Stored items from a collection
========================================

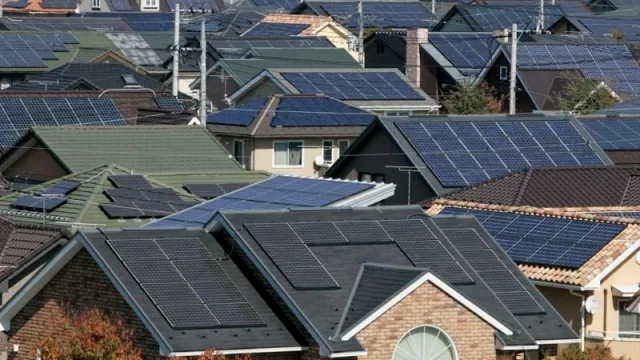 De cara al sol: las energías renovables pisan fuerte en el mundo (en Brasil venden paneles ¡en el super!)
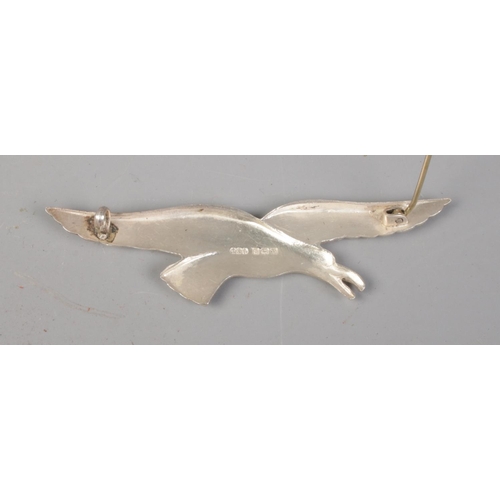 393 - A silver pin brooch in the form of a flying bird. Hallmarked Birmingham 1920 by Turner & Simpson. 10... 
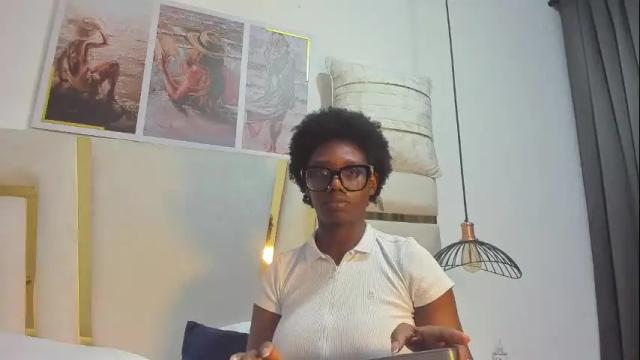 Image 11 of huddah_cam Stream on Chaturbate on 25 days ago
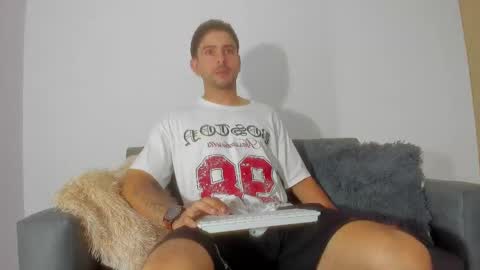 Snapshot of ethan_mullers1 chatting on February 8, 2025, 7:05 pm Ethan Muller online show from February 8, 2025, 7:05 pm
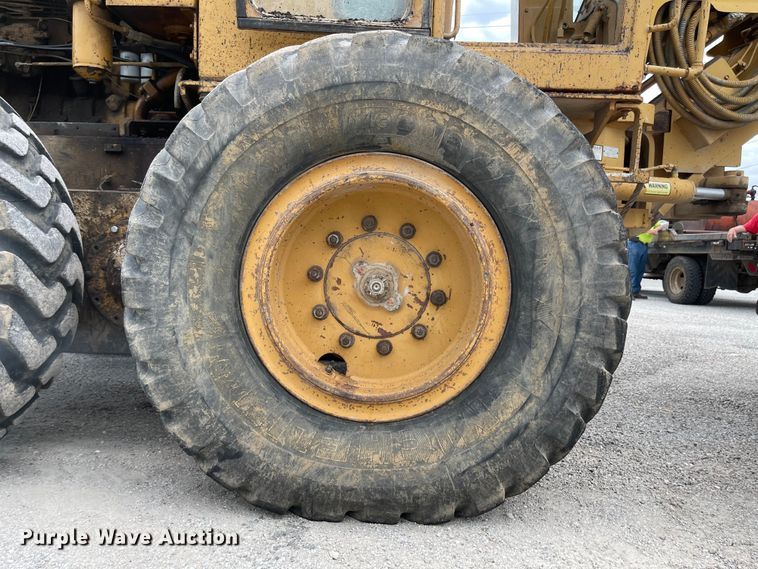 image for item LF9006 1990 Fiat-Allis FG75A  motor grader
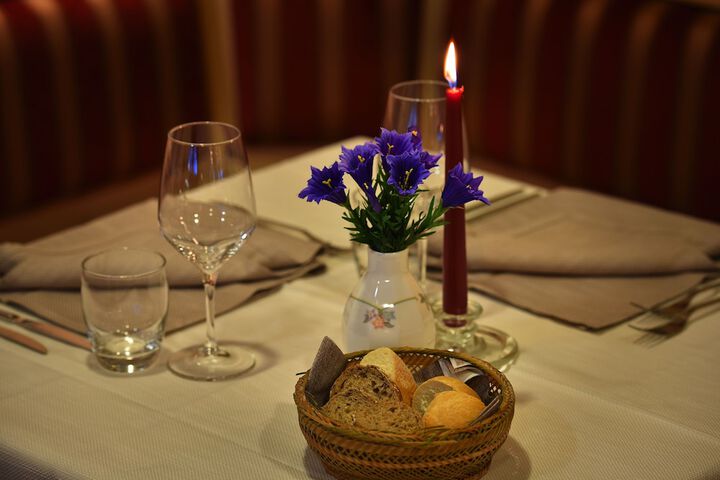 Dining 96 of 115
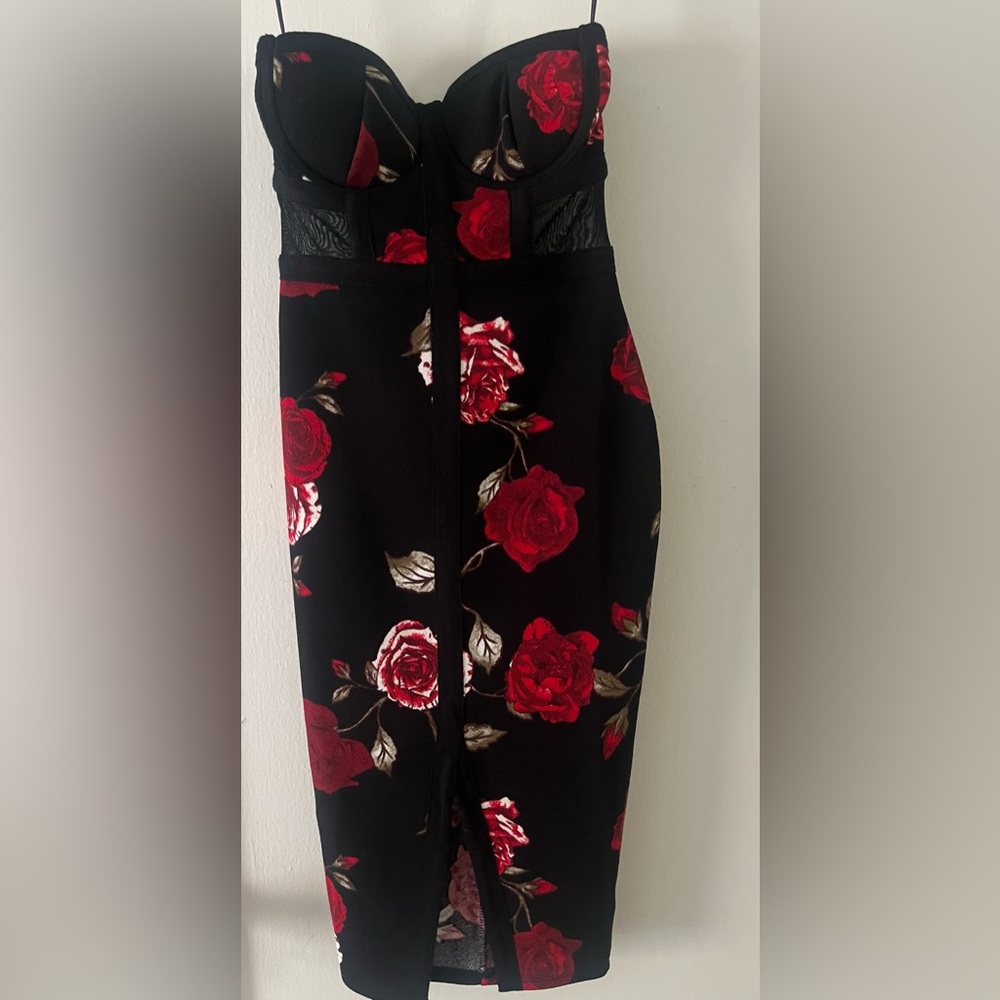 Material girl black and red floral pencil dress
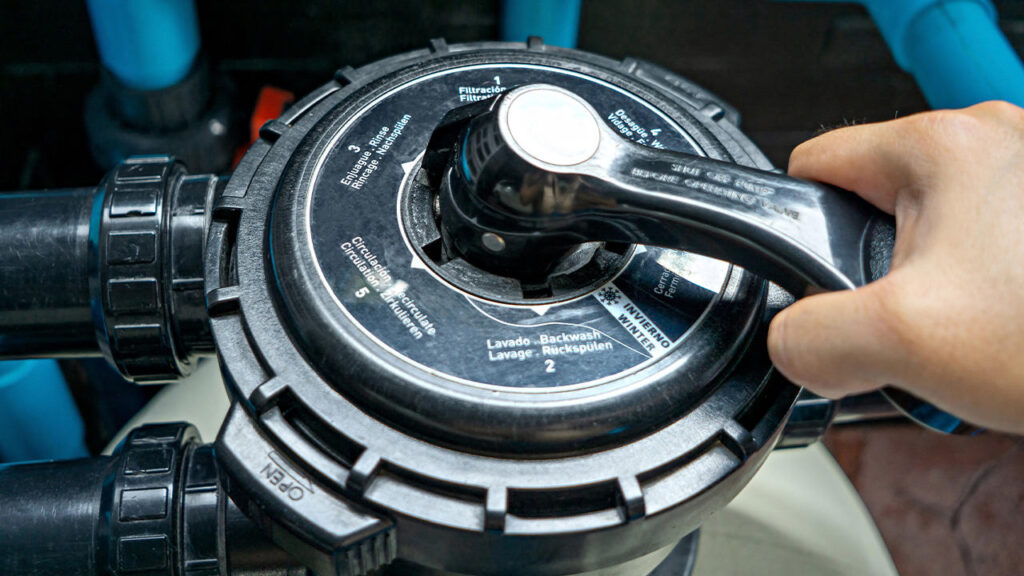 How to Backwash a Pool Filter Correctly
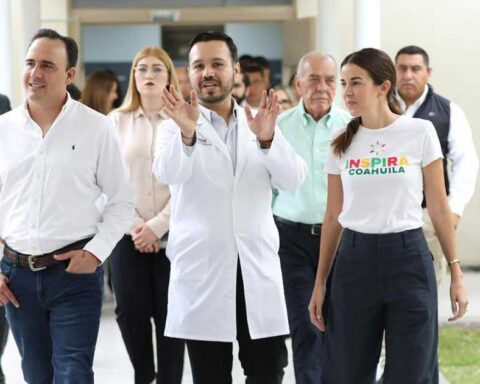 Recorrido del gobernador por el CESAME Sureste.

========================================

**PROBLEM DETAILS:** You are asked to output the records precisely as they appear, minus any pictures.

**ANSWER BOX:**
 De cara al sol: las energías renovables pisan fuerte en el mundo (en Brasil venden paneles ¡en el super!)
 393 - A silver pin brooch in the form of a flying bird. Hallmarked Birmingham 1920 by Turner & Simpson. 10... 
 Image 11 of huddah_cam Stream on Chaturbate on 25 days ago
 Snapshot of ethan_mullers1 chatting on February 8, 2025, 7:05 pm Ethan Muller online show from February 8, 2025, 7:05 pm
 image for item LF9006 1990 Fiat-Allis FG75A  motor grader
 Dining 96 of 115
 Material girl black and red floral pencil dress
 How to Backwash a Pool Filter Correctly
 Recorrido del gobernador por el CESAME Sureste.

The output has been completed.